Why process at all? Of course the answer is ultimately feed efficiency, producing the most milk, eggs,
meat, or fiber at the lowest possible cost. This first step in the feed manufacturing process works
towards the goal of improved feed efficiency by increasing the surface area of the materials being
processed. This increases the amount of materials exposed to the animals digestive system, and
ultimately leads to more complete digestion, thus better feed efficiency.
Because animal needs vary considerably, the degree of processing for various diets also must vary.
Cattle and sheep have rather long, complex digestive tracts and so require a less processed feed
material. Swine have a fairly short, simple digestive system (very much like humans) and therefore
benefit from a more highly processed feed. Poultry have a short but rather complex digestive system,
and depending on the make up of the diet can efficiently utilize feedstuffs less highly processed than
swine. The size and age of the animals also affects the dietary requirements so far as particle size
is concerned. Generally speaking, younger animals require a finer, more highly processed feed than
do older, more developed livestock.
Particle size reduction is also required to prepare the materials for secondary operations such as
mixing, pelleting, or extrusion.

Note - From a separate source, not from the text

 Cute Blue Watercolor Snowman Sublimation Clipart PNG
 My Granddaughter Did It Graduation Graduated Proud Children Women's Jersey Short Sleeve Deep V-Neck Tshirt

In general, a finer ground material or mixture will produce a better quality
pelleted or extruded feed at a lower cost (energy
and maintenance) on the pelleting or extruding
machinery. Of course more energy per ton is
required to achieve the finer grind and often the
capacity of the grinding equipment will be reduced.
The fineness of the grind must be matched to
both the particle size and capacity requirements
of the entire feed manufacturing process.
Due to the wide variety of feed ingredients and
compounds, there is no "ideal" particle size for
each type and age of animal. The chart presented
below is simply an indication of the generally
accepted particle size ranges for all types of
animals and feeds.
How Fine Do You Grind?
Determining and expressing fineness of grind has been the subject of study as long as feed ingredients
have been prepared. While appearances or feel may allow an operator to effectively control a process,
subjective evaluation is inaccurate at best, and makes objective measurement and control virtually
impossible. Descriptive terms such as coarse, medium, and fine are simply not adequate. What is
"fine" in one mill may well be "coarse" in another. Describing the process or equipment is also subject
to wide differences in terms of finished particle size(s) produced. Factors such as moisture content
of the grain, condition of the hammers and/or screens (hammermill) or the condition of the corrugations
(roller mills) can produce widely varying results. In addition, the quality of the grain or other materials
being process can have a dramatic impact on the fineness and quality of the finished ground products.
The best measurement of finished particle sizing will be some form of a sieve analysis, expressed in
terms of mean particle size, or percentage (ranges) on or passing various test sieves. A complete
sieve analysis will not only describe the average particle size, but will also indicate peculiarities in the
distribution such as excessive levels of fine or coarse particles, etc. Typical descriptions that lend
themselves to objective measurement and control might be: corn ground to 750 Microns, not less
than 50% passing 20 mesh, and 85% -10/+40 mesh.